--- Aim of the task ---
In the copy, leave out the pictures and repeat all records exactly.

═════ Supplied records ═════

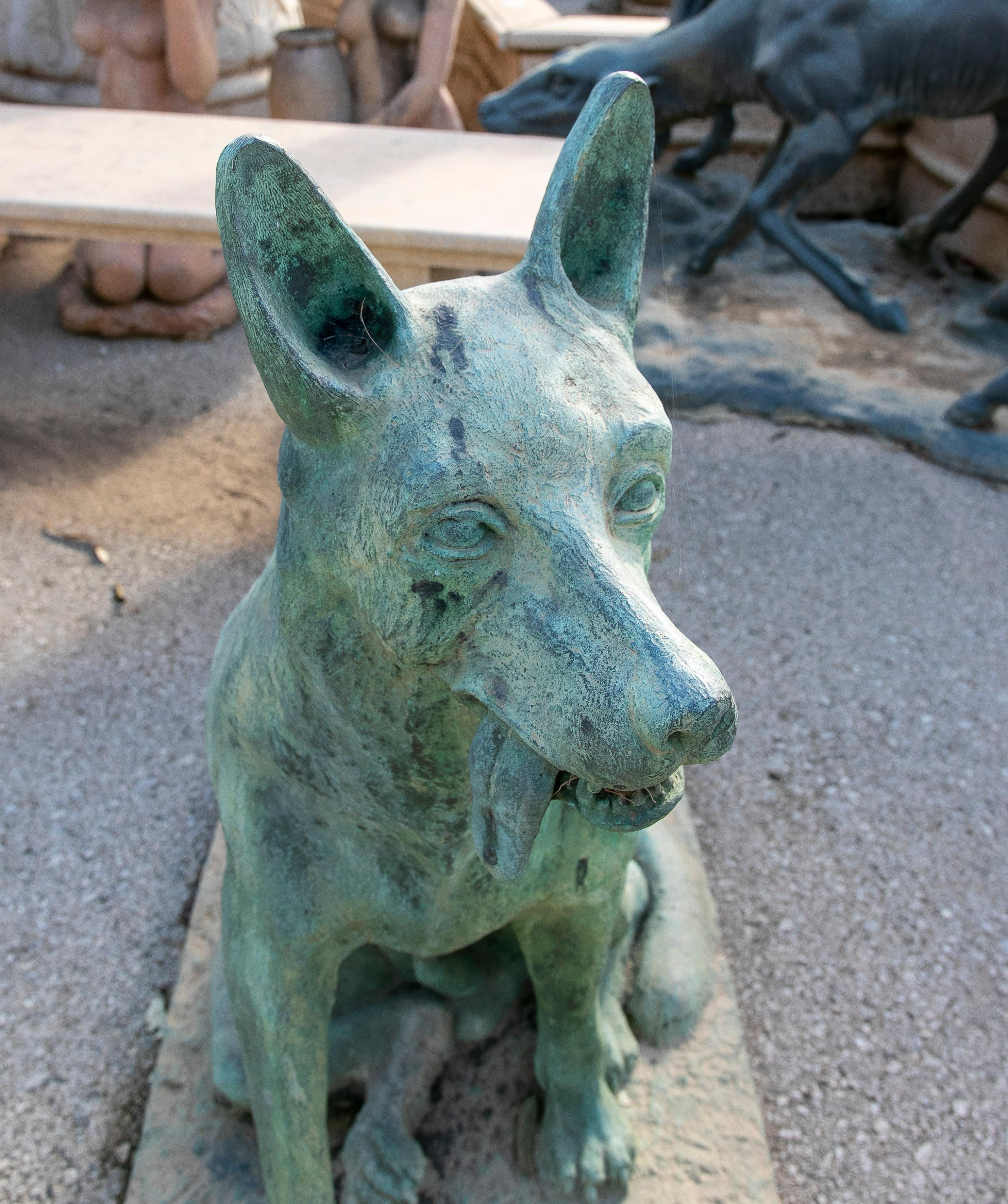 20ième siècle Sculpture de jardin espagnole en bronze grandeur nature avec chien, signée, années 1970 en vente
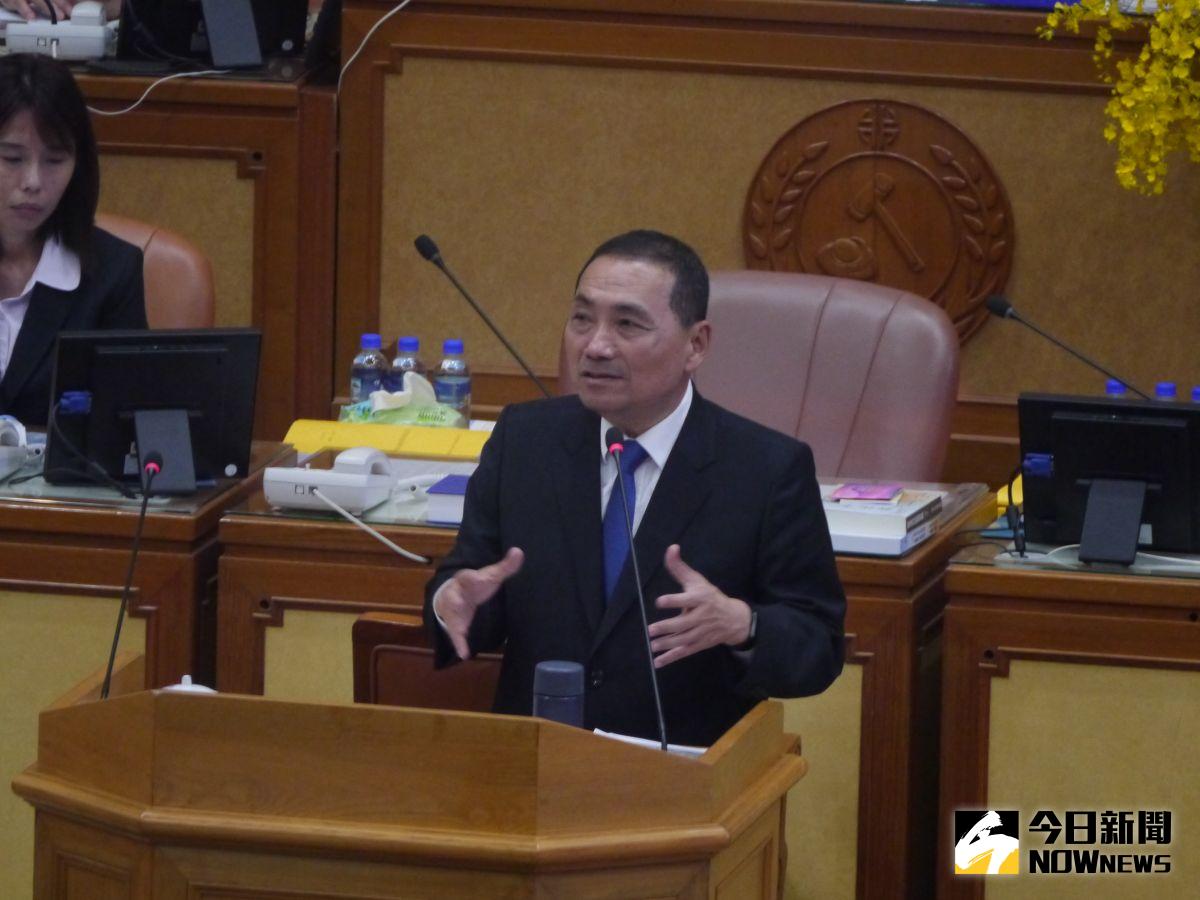 ▲議員質詢問到訪星國及經濟政策，侯友宜回應不能只仰賴一個經濟體，應多簽署FTA，才可在美中貿易戰中隨機應變。（圖 ／記者吳嘉億攝，2023.05.03）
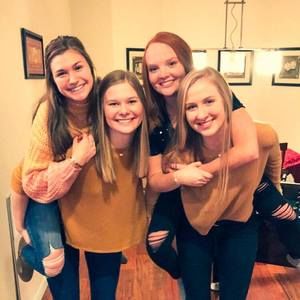 Meet your Posher, Emily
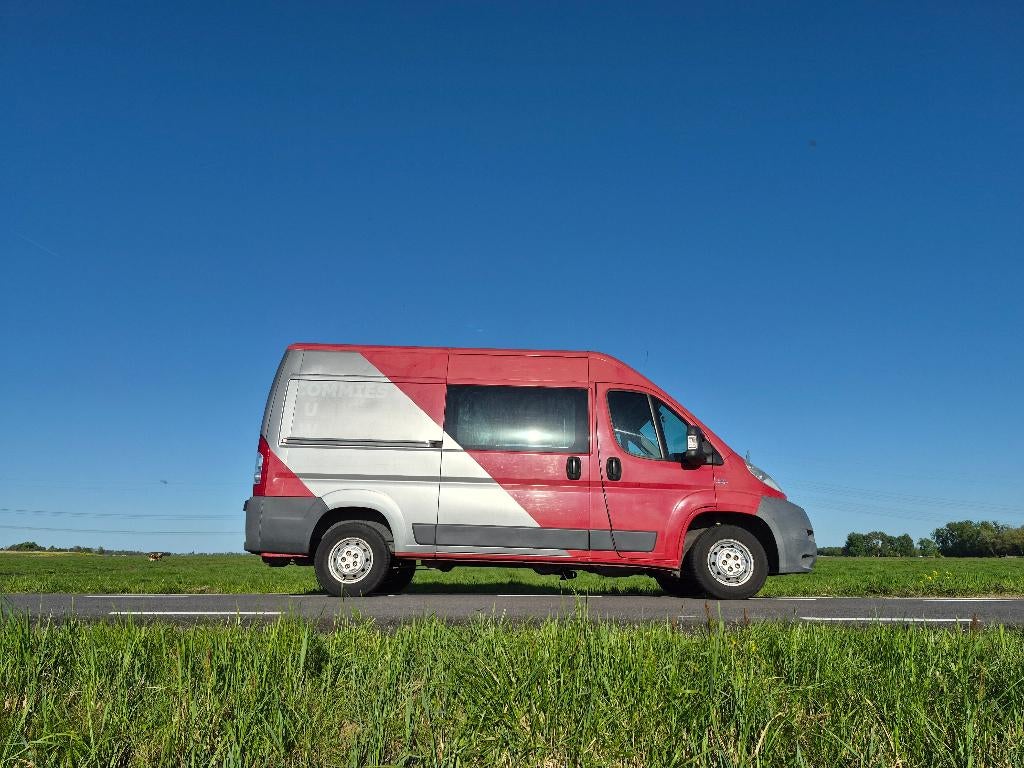 Moderne Off-Grid Zelfbouw Camper (Fiat Ducato 2.3L Euro 5), Chemisch toilet, Buscamper of Camperbus, Fiat, Afzuigkap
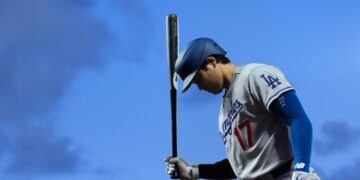 Offense takes the night off as Dodgers fall to the Giants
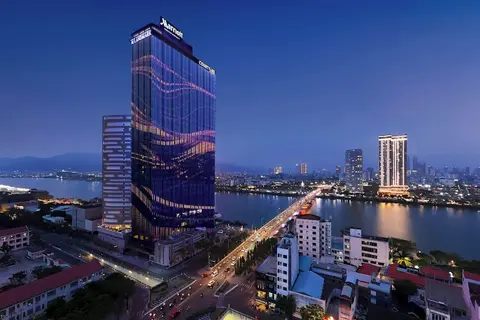Courtyard by Marriott Danang Han River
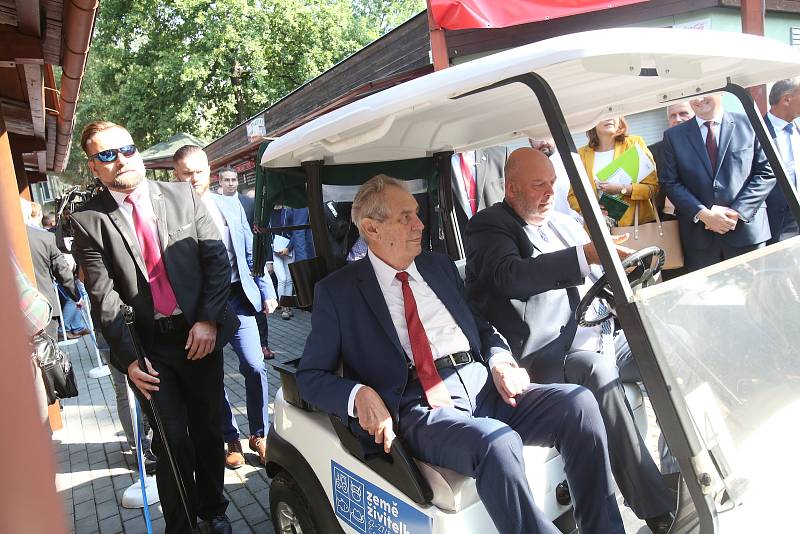 46. ročník tradiční Země živitelky byl odstartován slavnostním zahájením za účasti Miloše Zemana a Václava Klause.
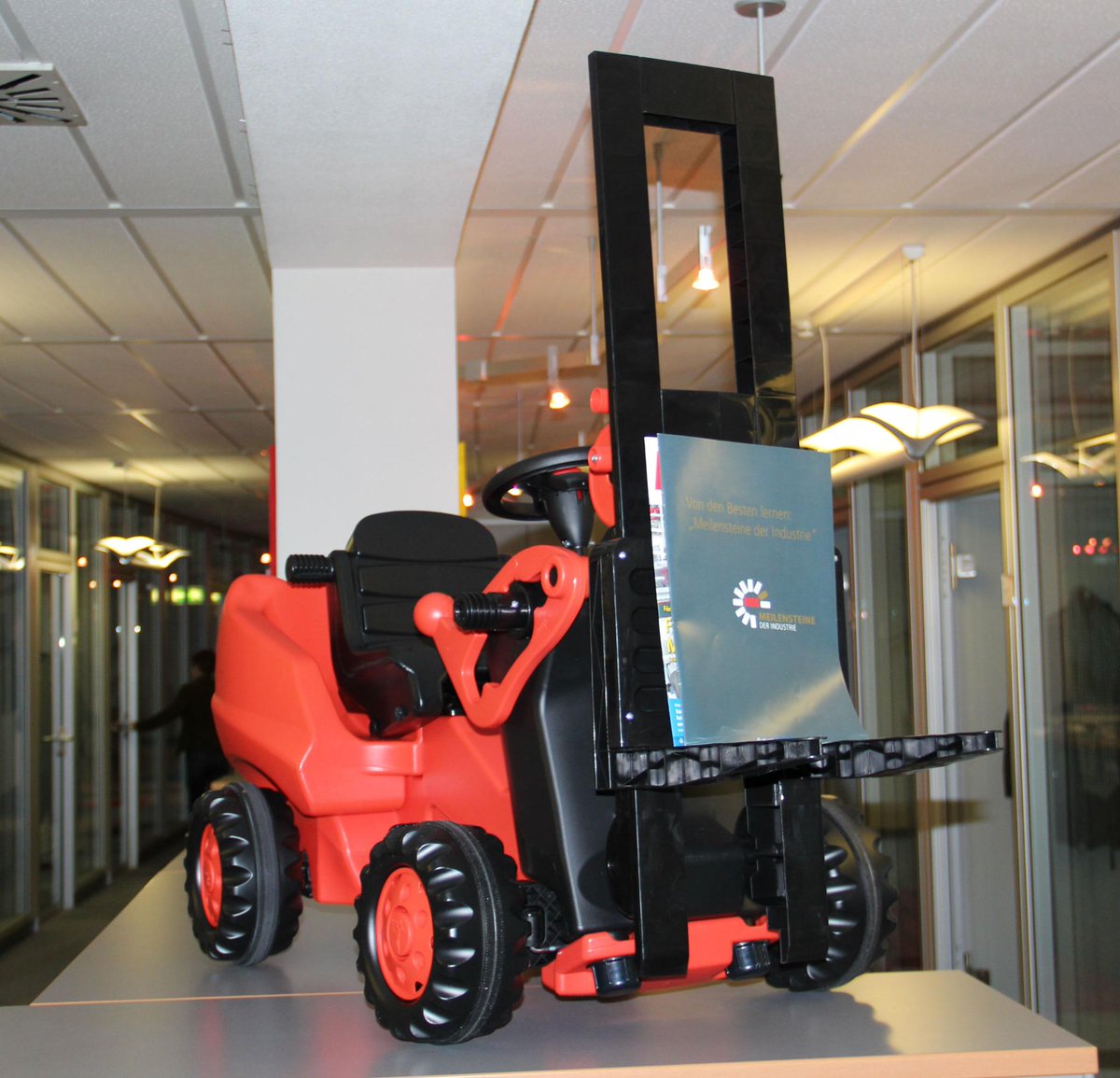 MMLOGISTIK's tweet image. Es fällt uns ziemlich schwer, trotzdem wird der Kleine jetzt verlost: maschinenmarkt.vogel.de/materialfluss/ 
@MaschinenMarkt #mm120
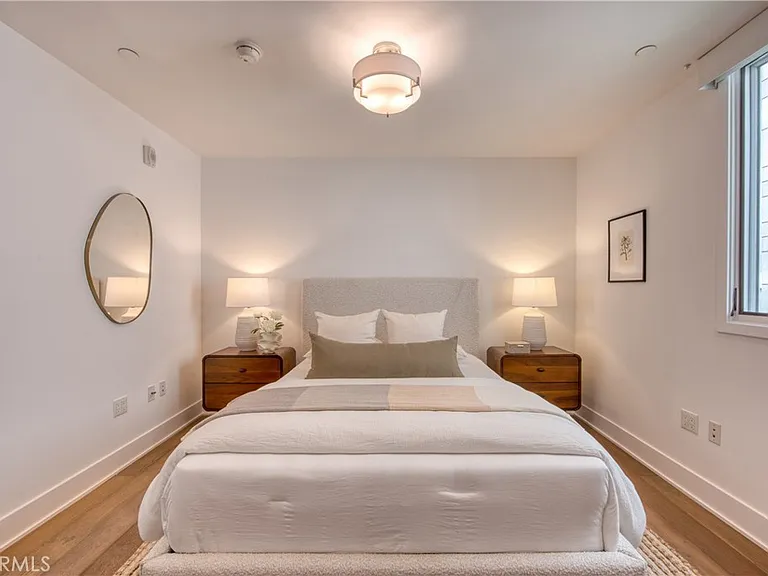 125 Hurlbut St #203 — Photo 22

═════

--- Output of the task ---
 20ième siècle Sculpture de jardin espagnole en bronze grandeur nature avec chien, signée, années 1970 en vente
 ▲議員質詢問到訪星國及經濟政策，侯友宜回應不能只仰賴一個經濟體，應多簽署FTA，才可在美中貿易戰中隨機應變。（圖 ／記者吳嘉億攝，2023.05.03）
 Meet your Posher, Emily
 Moderne Off-Grid Zelfbouw Camper (Fiat Ducato 2.3L Euro 5), Chemisch toilet, Buscamper of Camperbus, Fiat, Afzuigkap
 Offense takes the night off as Dodgers fall to the Giants
Courtyard by Marriott Danang Han River
 46. ročník tradiční Země živitelky byl odstartován slavnostním zahájením za účasti Miloše Zemana a Václava Klause.
 MMLOGISTIK's tweet image. Es fällt uns ziemlich schwer, trotzdem wird der Kleine jetzt verlost: maschinenmarkt.vogel.de/materialfluss/ 
@MaschinenMarkt #mm120
 125 Hurlbut St #203 — Photo 22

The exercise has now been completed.